▶ **Task details**: Lines from the one containing "Amrai Suites image" through the end of the listing are what is wanted, given again exactly with both ends included and pictures left out.

▶ **Dataset extract**:

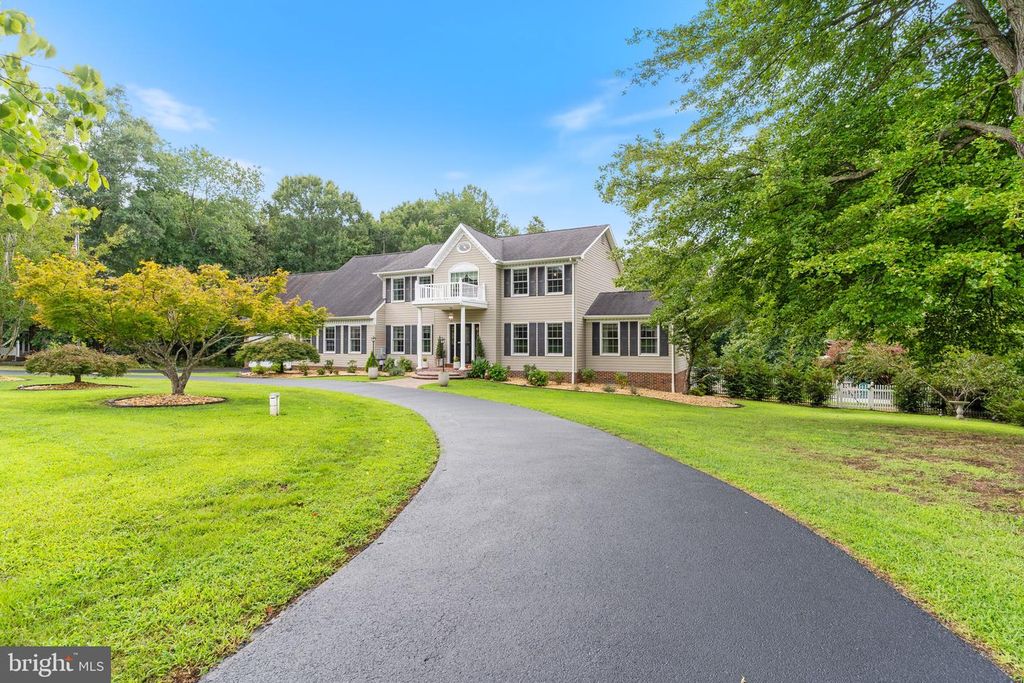 208 MORGANS RIDGE CT, La Plata, MD 20646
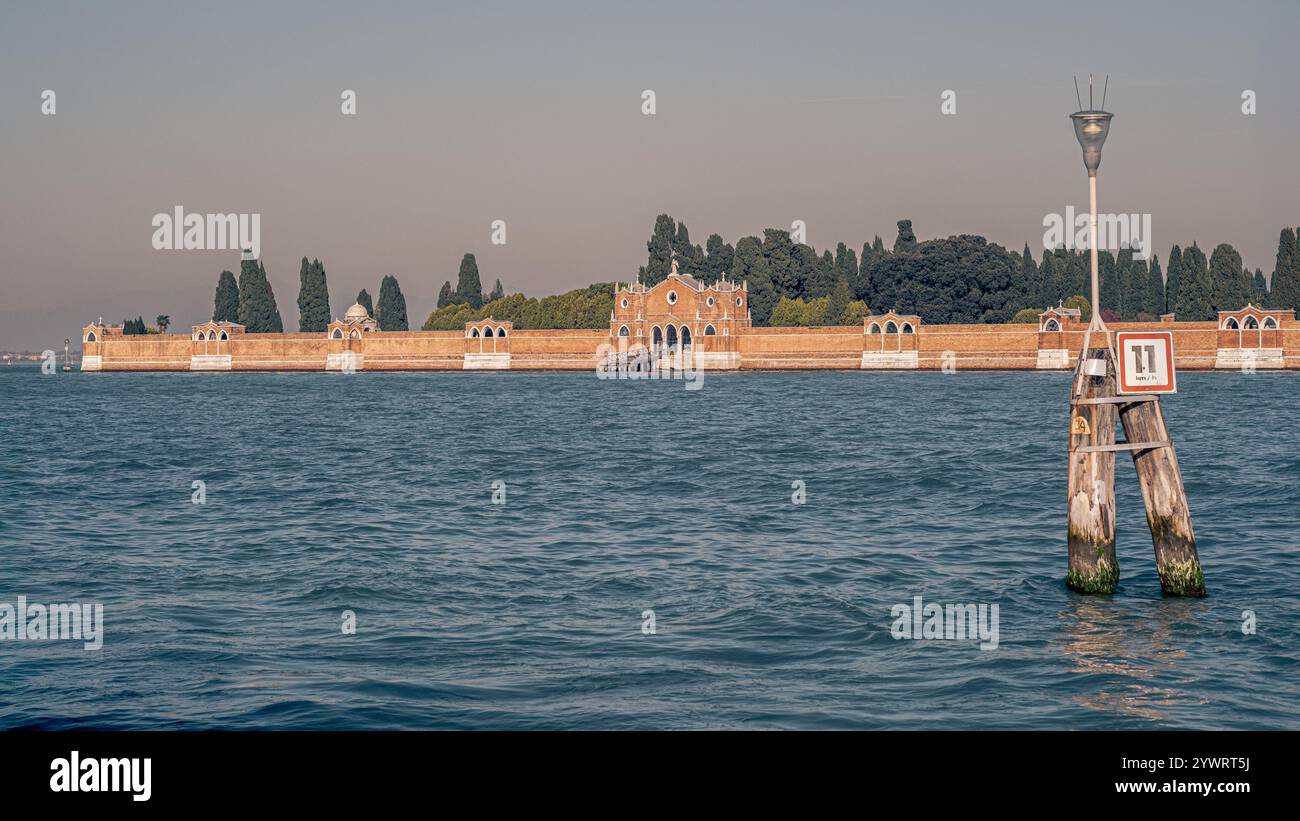 Lato anteriore di San Michele in Isola visto da fondamenta nove; questa piccola isola è lo storico cimitero monumentale della città di Venezia, Veneto, i Foto Stock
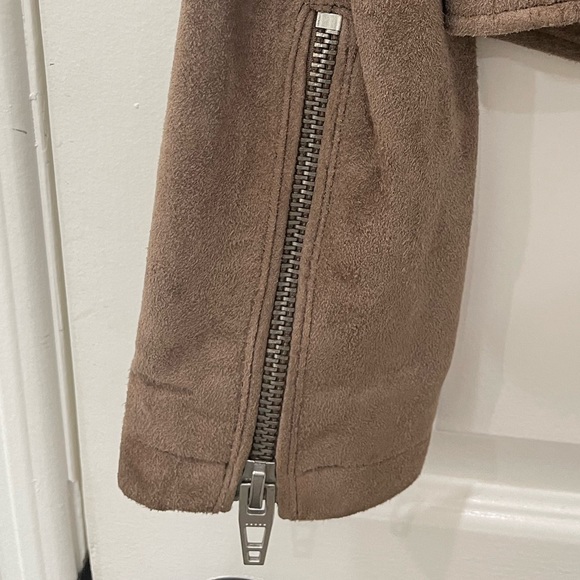 Suede Jacket - Picture 4 of 6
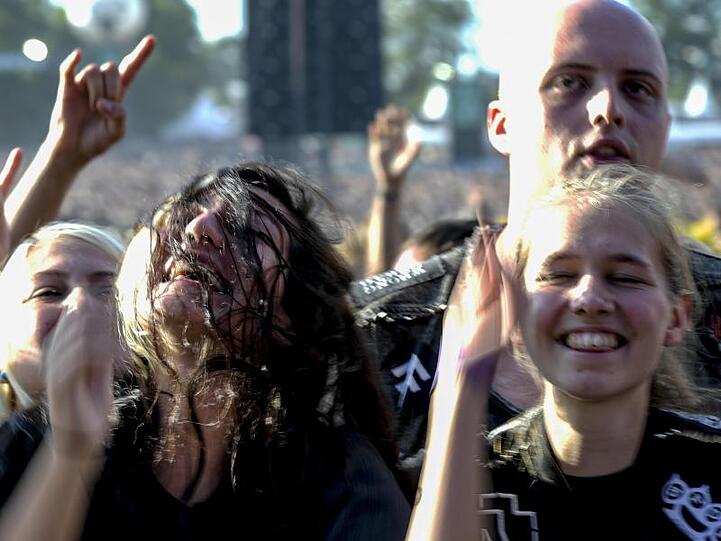 Alle sind glücklich bei einem der größten Metal-Festival der Welt in der norddeutschen Provinz.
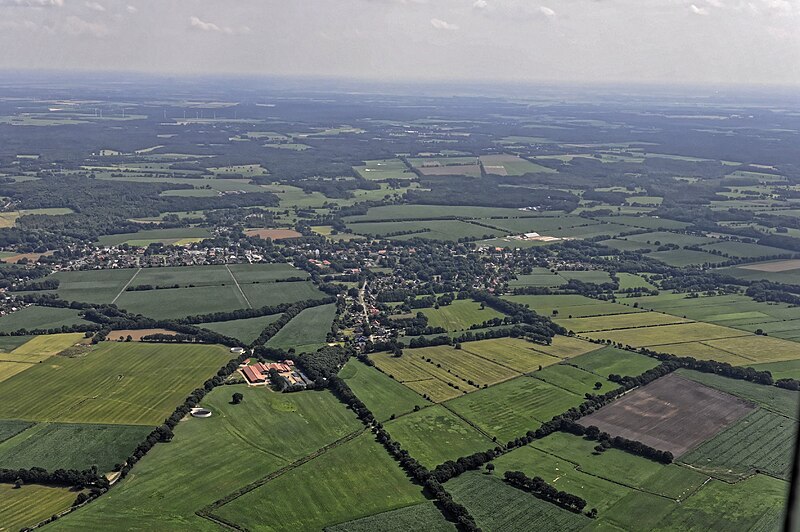 File:Flug -Nordholz-Hammelburg 2015 by-RaBoe 0073 - Bokel.jpg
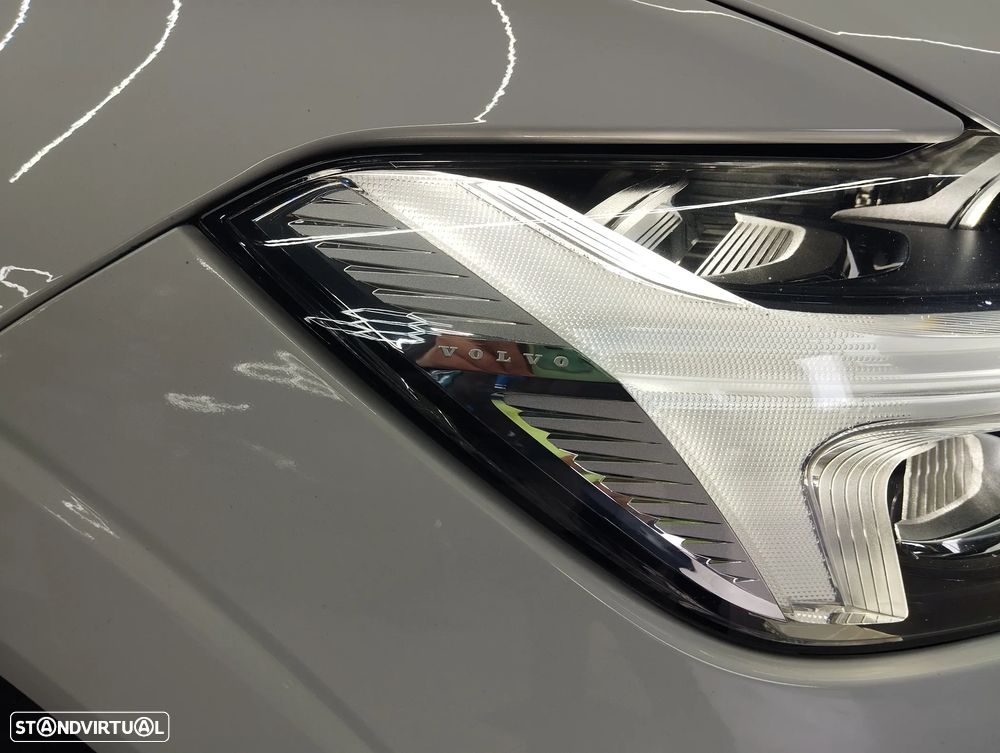 Volvo XC 60 2.0 B4 R-Design - 9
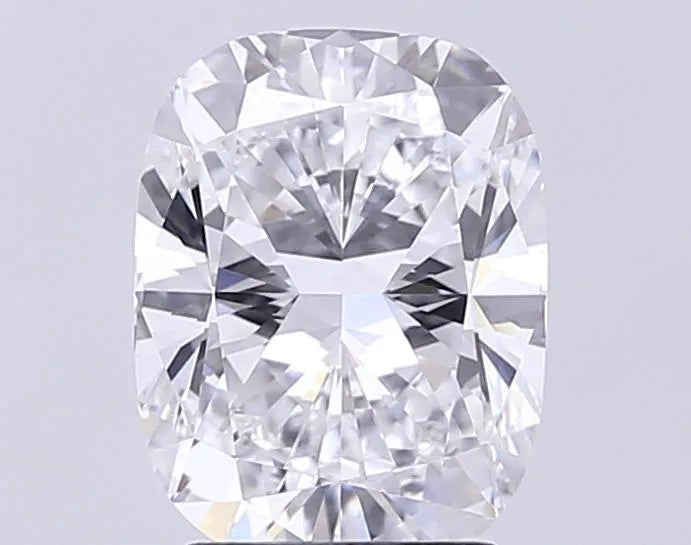 3.01ct Cushion modified Lab Grown Diamond (Colour D, Clarity VVS2, IGI Certified)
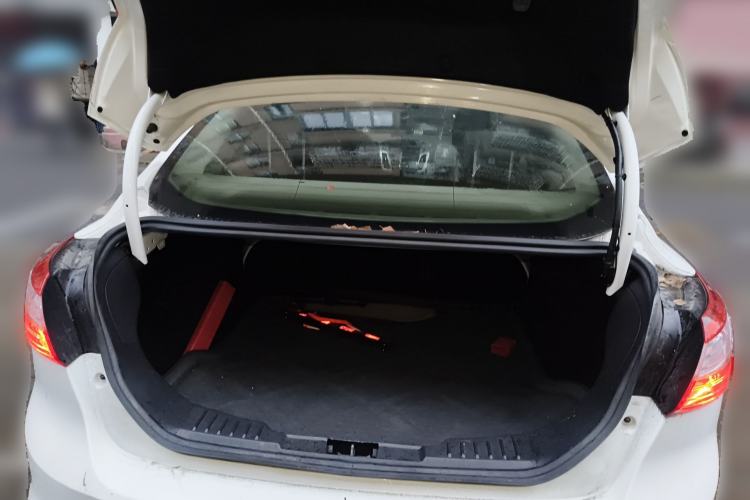 Used Ford Focus 2012 Sedan 1.6L Automatic Comfort Model Trunk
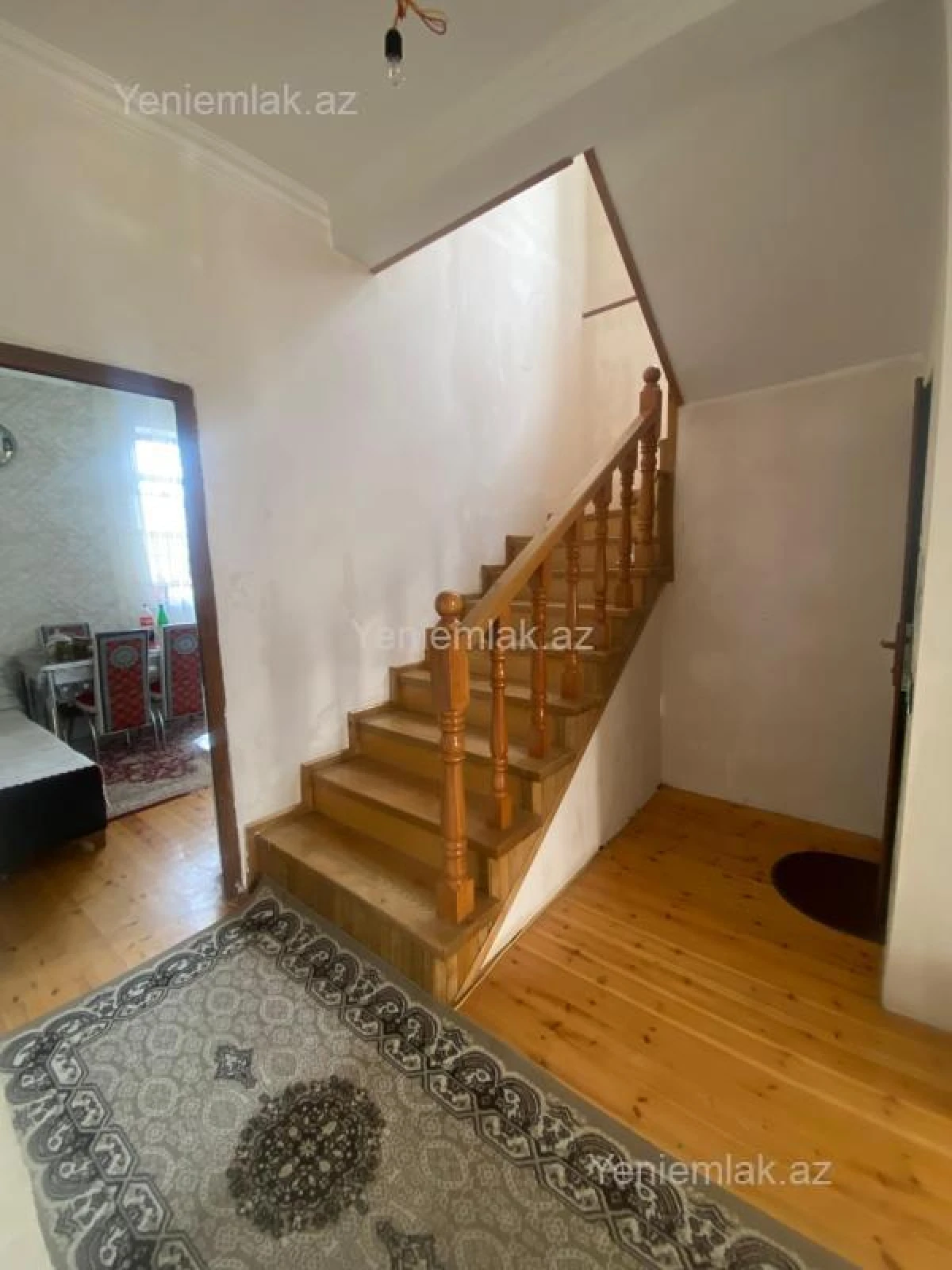 Satılır 5 otaqlı həyət evi 200 m²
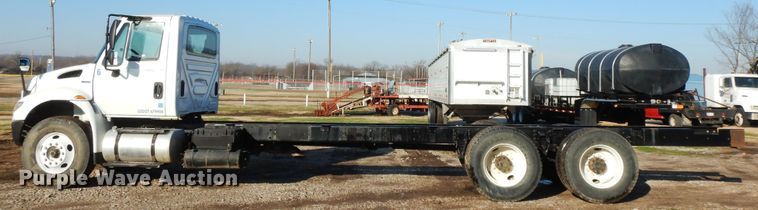 image for item GK9683 2009 International DuraStar 4400  truck cab and chassis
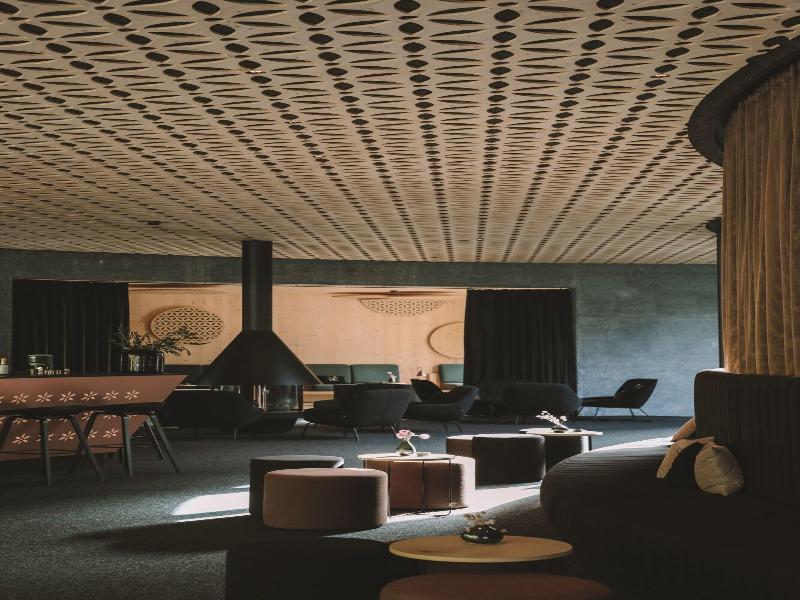 Amrai Suites image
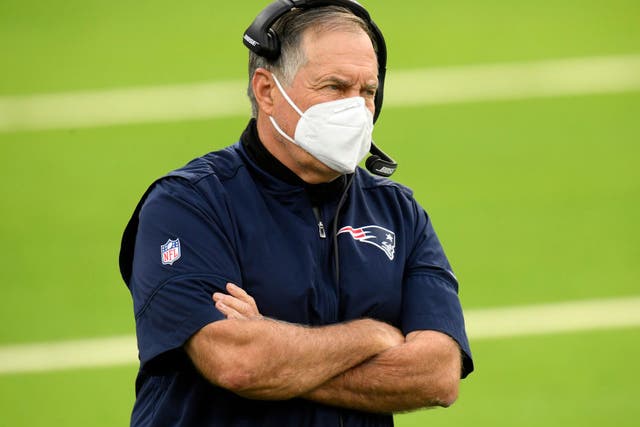 Bill Belichick de los New England Patriots mira desde la línea lateral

▶ **Solved problem**:
 Amrai Suites image
 Bill Belichick de los New England Patriots mira desde la línea lateral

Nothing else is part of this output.